Another factor weighing against the finding of waiver in cases such as this is the tendency of some lawyers, especially in intellectual property cases, to spend an inordinate amount of time attempting to gain an advantage in the litigation by making use of the adversary attorney’s words and opinions. In patent cases the primary focus should be on the real world, on the similarity of the products involved in the dispute and on the history of relevant inventions and commercial conduct. Preoccupation with efforts to paint opposing counsel into some semantic corner or to *312take advantage of his choice of terms leads to costly, unproductive, and unseemly disputes.
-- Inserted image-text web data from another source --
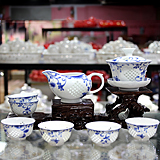 新款8头青花玲珑瓷玲珑浪漫水晶透明茶具镂空茶具套装中国名瓷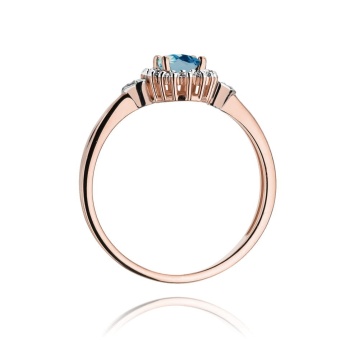 Inel Aur 14K cu Topaz London Blue 0.50 ct si Diamante Naturale 0.10 ct - Img 7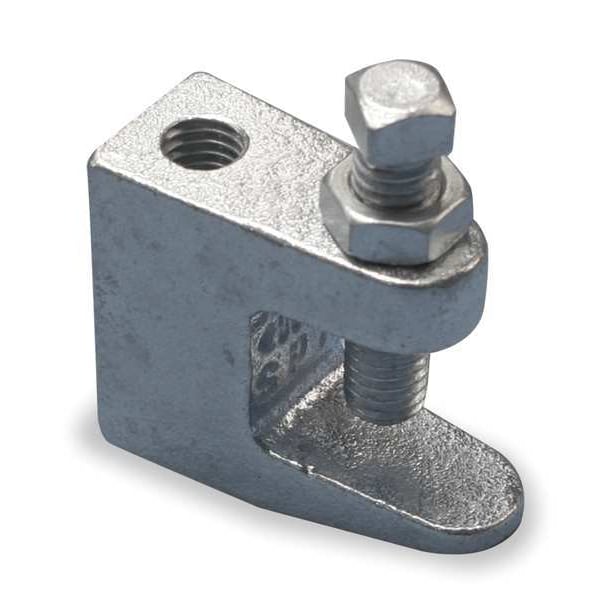 Beam Clamp, C-Clamp, For 3/8 in Threaded Rod, Electro-Galvanized Cast Iron, 500 lb Load Capacity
The court is persuaded that in a close case such as this the policy concerns outlined above dictate that the attorney-client privilege should be protected and waiver should not be found. It is especially significant that defendant is not attempting to make use of any portion of the subject opinion letter at this time, thereby eliminating any of the truth-garbling or partial disclosure concerns noted above. However, if defendant attempts to make use of any portion of the opinion letter at any subsequent point in this litigation the court will reconsider this matter and is likely to find that that use, rather than the past sharing of the letter with GEC, constitutes grounds for finding waiver of the privilege.

Given the court’s holding that defendant has not waived the attorney-client privilege with respect to the subject opinion letter there is no need to address defense counsel’s second, independent argument that the document’s protections under the work product doctrine remain intact.